[Records for processing Boundary: Start]

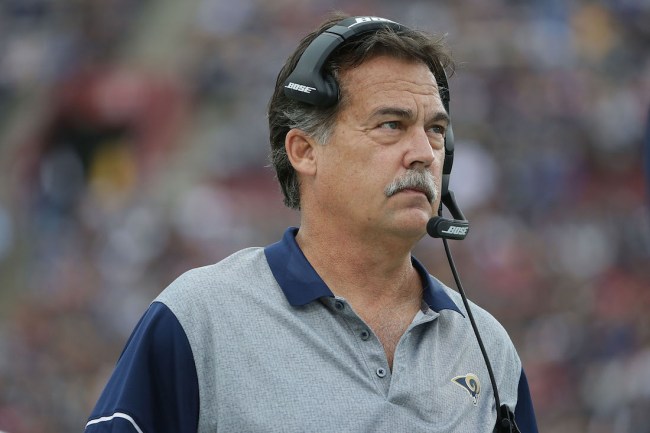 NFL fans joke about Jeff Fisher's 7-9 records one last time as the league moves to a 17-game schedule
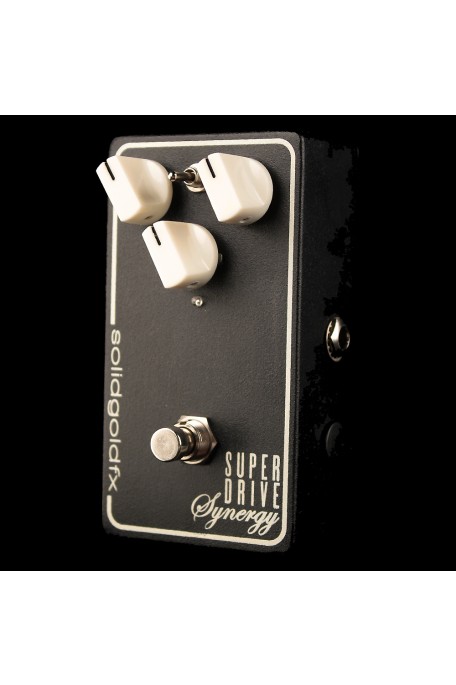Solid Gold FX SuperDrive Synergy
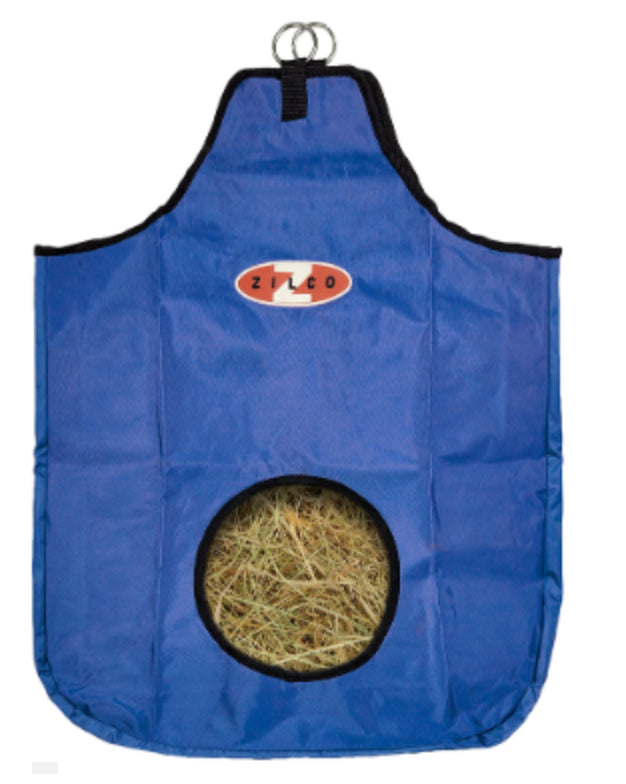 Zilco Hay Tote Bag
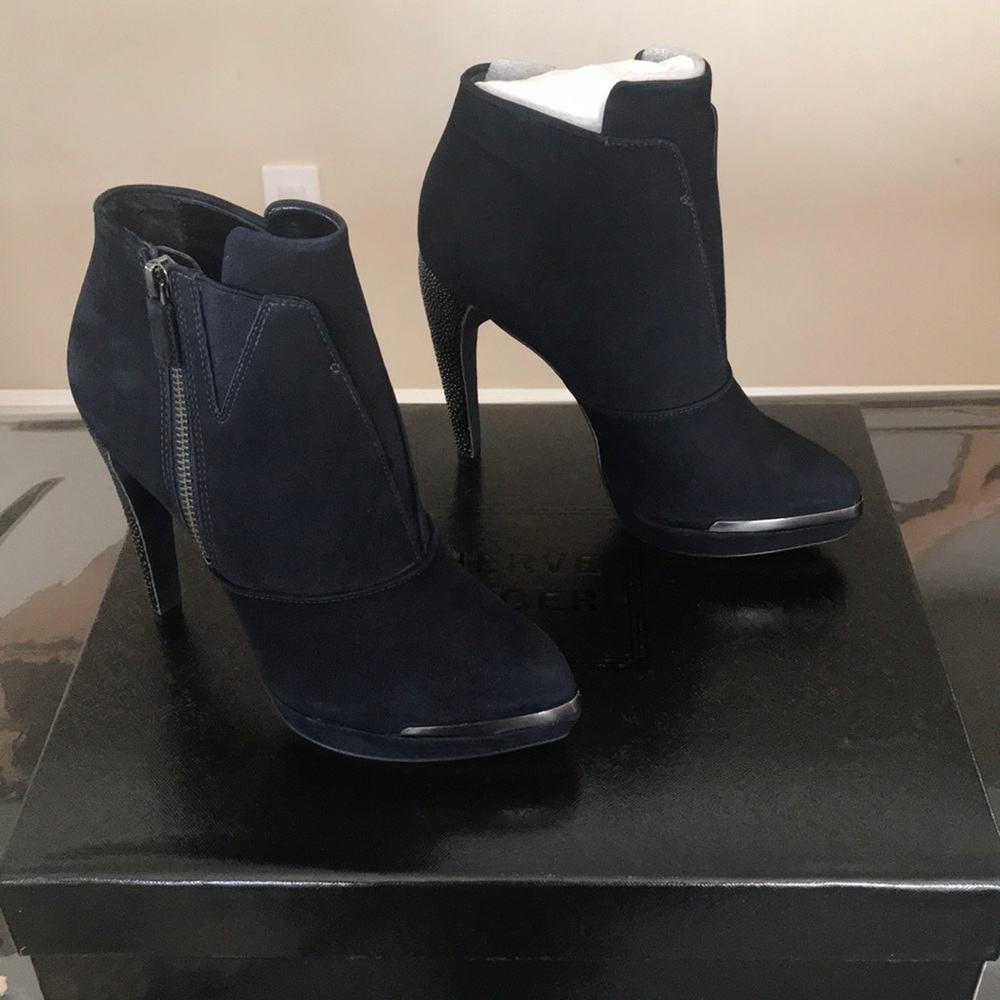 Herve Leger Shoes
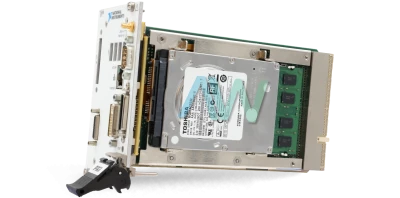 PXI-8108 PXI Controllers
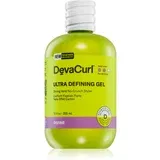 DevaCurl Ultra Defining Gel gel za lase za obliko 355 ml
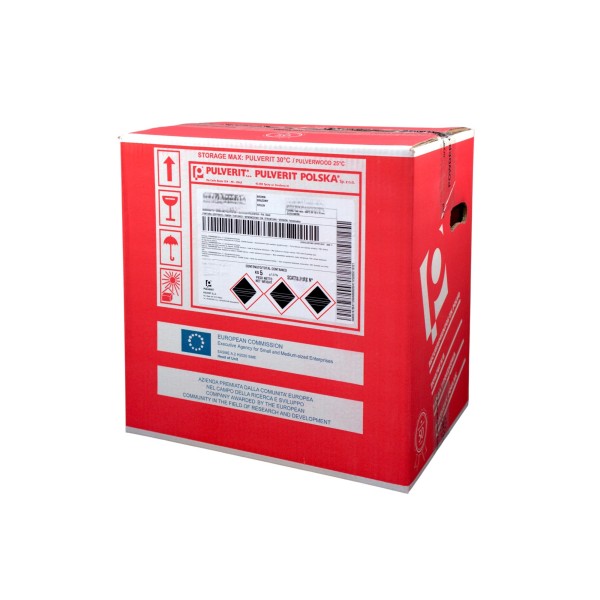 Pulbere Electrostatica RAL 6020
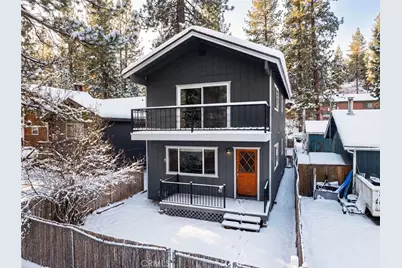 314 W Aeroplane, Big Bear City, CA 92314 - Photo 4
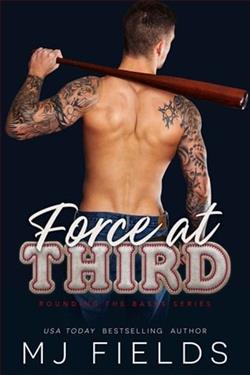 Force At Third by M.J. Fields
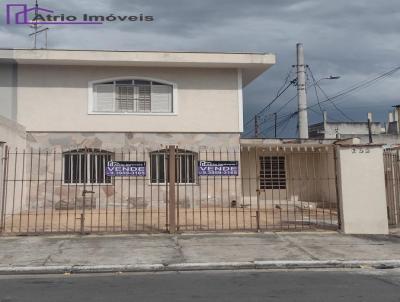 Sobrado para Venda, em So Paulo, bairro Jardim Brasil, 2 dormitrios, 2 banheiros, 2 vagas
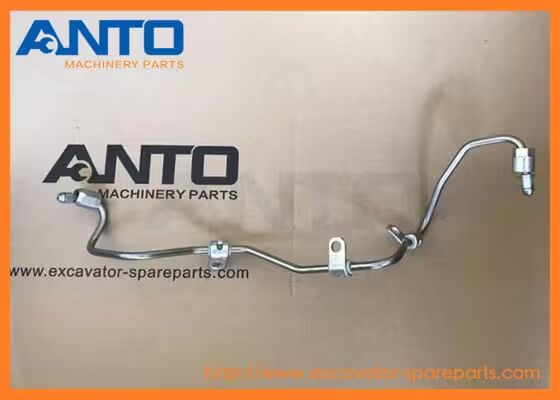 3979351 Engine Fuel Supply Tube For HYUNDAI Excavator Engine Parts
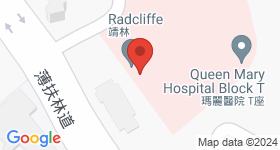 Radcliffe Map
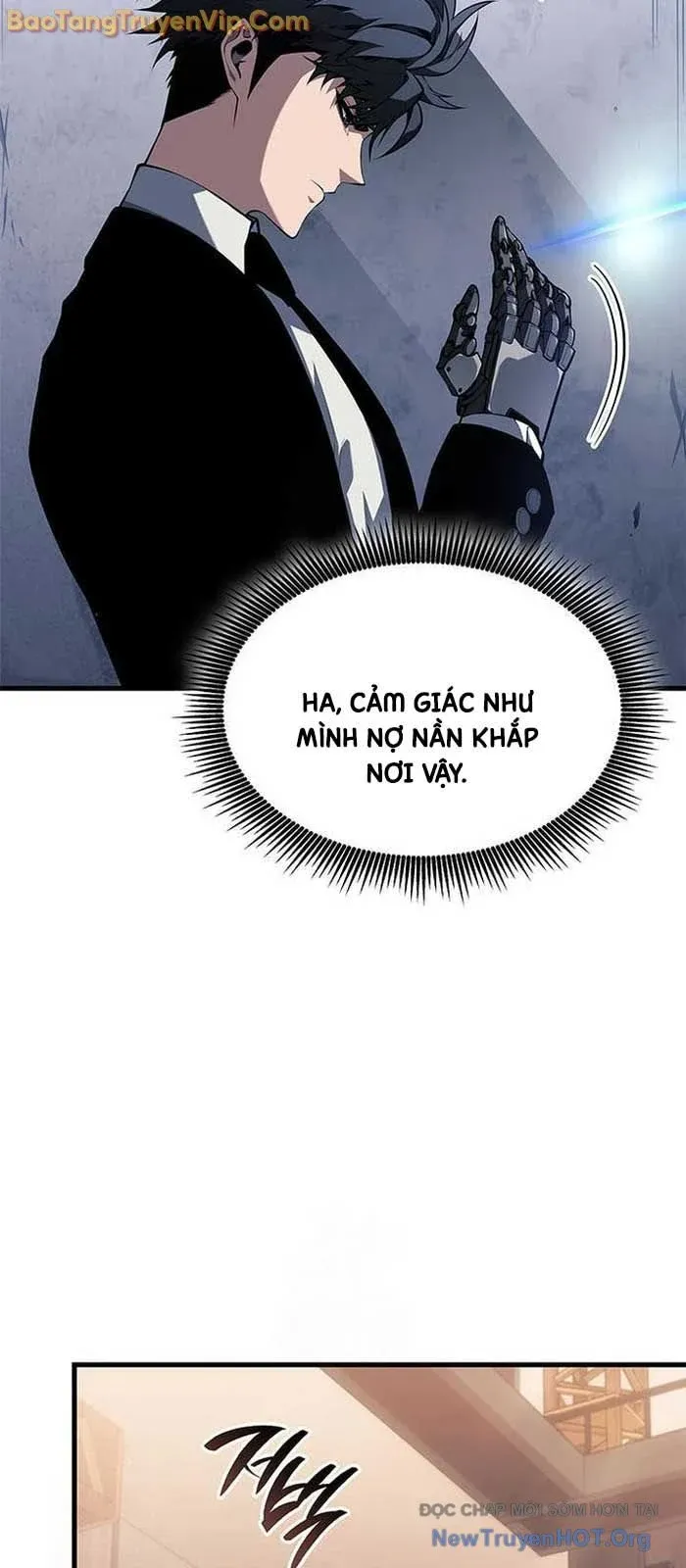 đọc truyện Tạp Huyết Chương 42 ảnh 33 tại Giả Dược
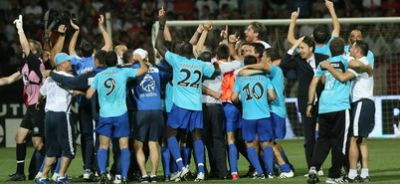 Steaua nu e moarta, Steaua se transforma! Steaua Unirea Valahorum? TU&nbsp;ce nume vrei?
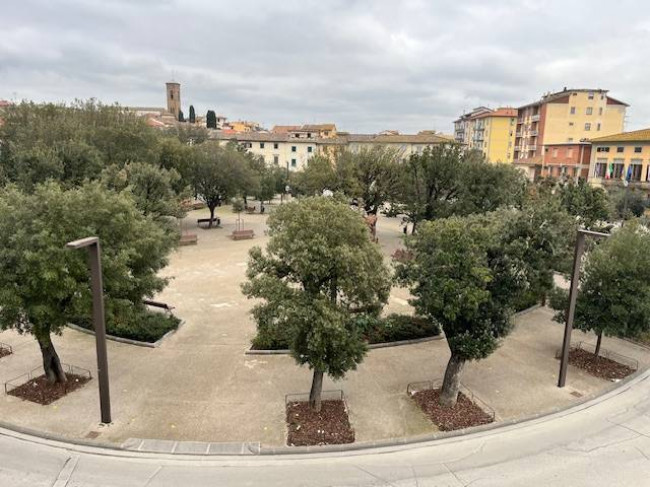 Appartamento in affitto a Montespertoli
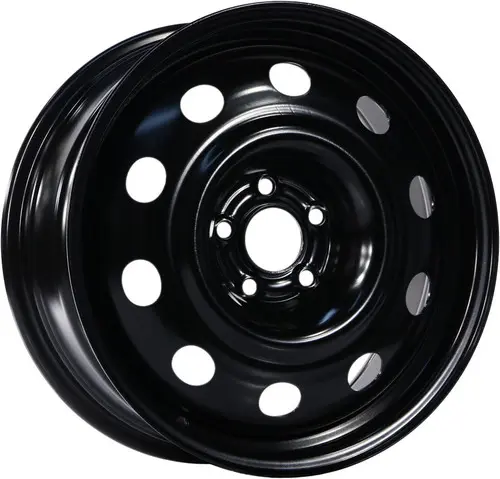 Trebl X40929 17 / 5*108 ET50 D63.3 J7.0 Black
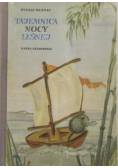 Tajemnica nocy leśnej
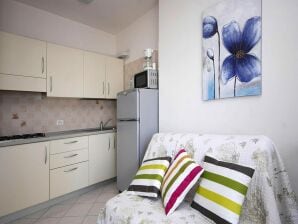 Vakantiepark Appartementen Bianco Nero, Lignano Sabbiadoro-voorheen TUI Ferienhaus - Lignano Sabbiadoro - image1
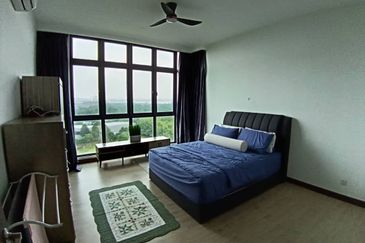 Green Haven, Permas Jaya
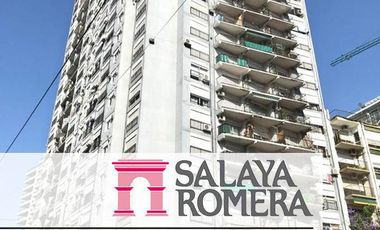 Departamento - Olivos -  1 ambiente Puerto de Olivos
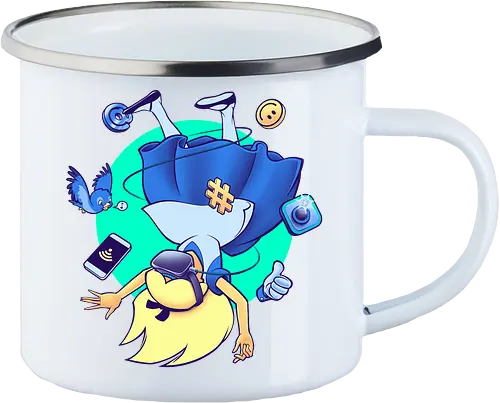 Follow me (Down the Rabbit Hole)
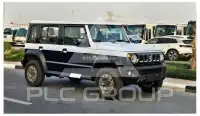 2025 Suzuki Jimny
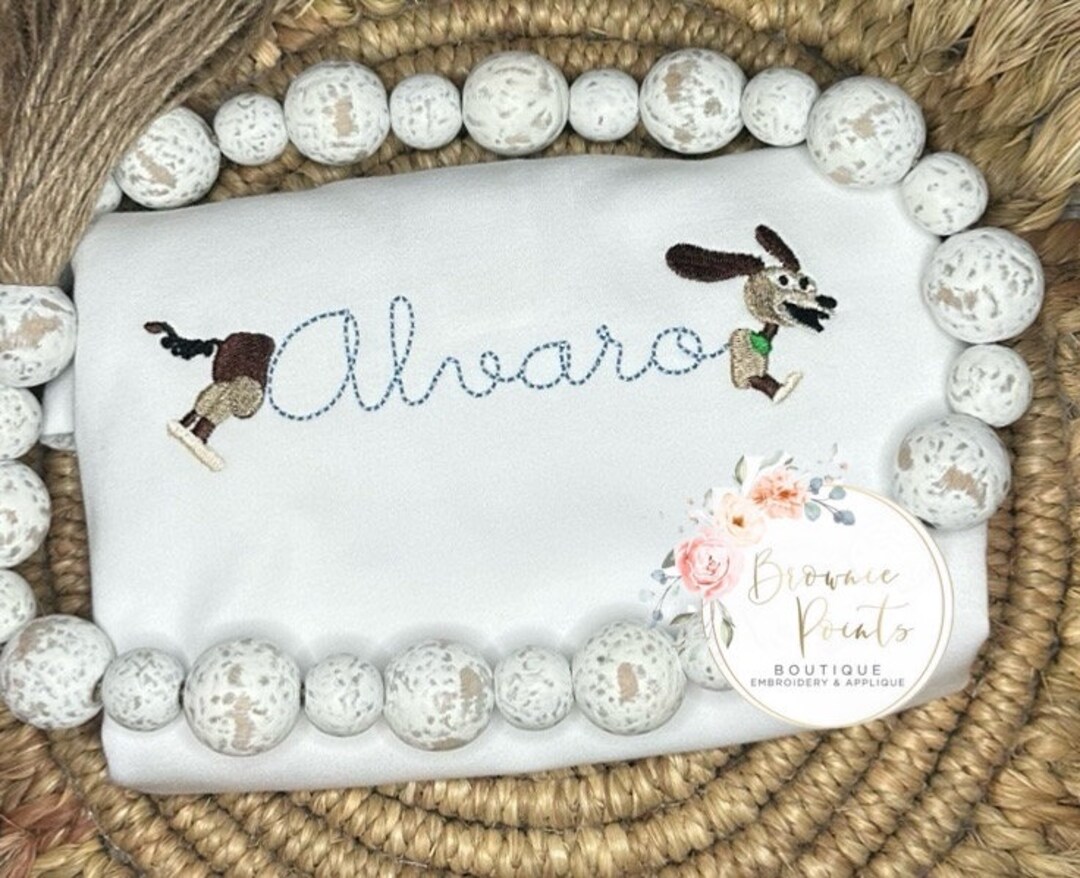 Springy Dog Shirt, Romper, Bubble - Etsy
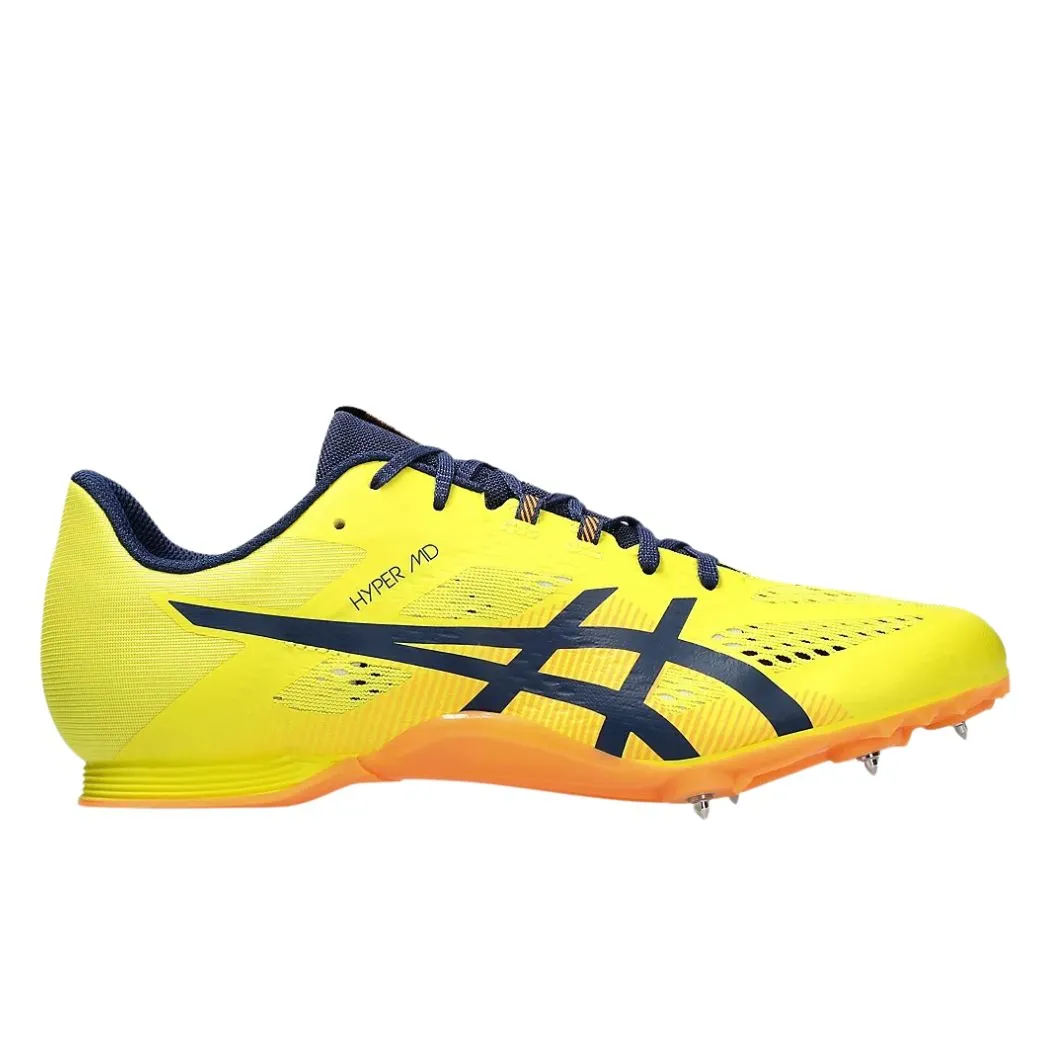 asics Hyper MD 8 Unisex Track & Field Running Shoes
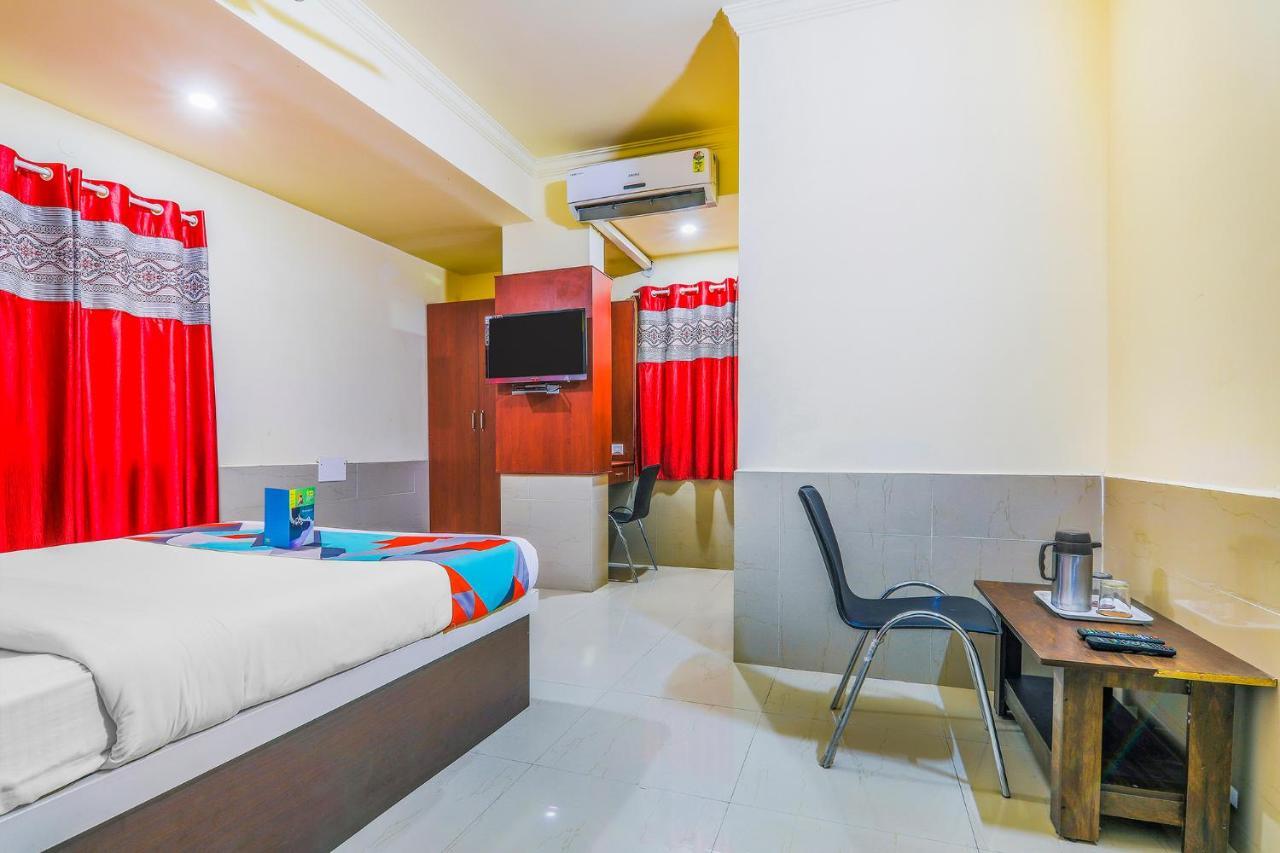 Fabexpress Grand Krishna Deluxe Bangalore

[Records for processing Boundary: End]

__What the task asks__: Copy all entries exactly; skip pictures.

__Exercise answer__:
 NFL fans joke about Jeff Fisher's 7-9 records one last time as the league moves to a 17-game schedule
Solid Gold FX SuperDrive Synergy
 Zilco Hay Tote Bag
 Herve Leger Shoes
 PXI-8108 PXI Controllers
 DevaCurl Ultra Defining Gel gel za lase za obliko 355 ml
 Pulbere Electrostatica RAL 6020
 314 W Aeroplane, Big Bear City, CA 92314 - Photo 4
 Force At Third by M.J. Fields
 Sobrado para Venda, em So Paulo, bairro Jardim Brasil, 2 dormitrios, 2 banheiros, 2 vagas
 3979351 Engine Fuel Supply Tube For HYUNDAI Excavator Engine Parts
 Radcliffe Map
 đọc truyện Tạp Huyết Chương 42 ảnh 33 tại Giả Dược
 Steaua nu e moarta, Steaua se transforma! Steaua Unirea Valahorum? TU&nbsp;ce nume vrei?
 Appartamento in affitto a Montespertoli
 Trebl X40929 17 / 5*108 ET50 D63.3 J7.0 Black
 Tajemnica nocy leśnej
 Vakantiepark Appartementen Bianco Nero, Lignano Sabbiadoro-voorheen TUI Ferienhaus - Lignano Sabbiadoro - image1
 Green Haven, Permas Jaya
 Departamento - Olivos -  1 ambiente Puerto de Olivos
 Follow me (Down the Rabbit Hole)
 2025 Suzuki Jimny
 Springy Dog Shirt, Romper, Bubble - Etsy
 asics Hyper MD 8 Unisex Track & Field Running Shoes
 Fabexpress Grand Krishna Deluxe Bangalore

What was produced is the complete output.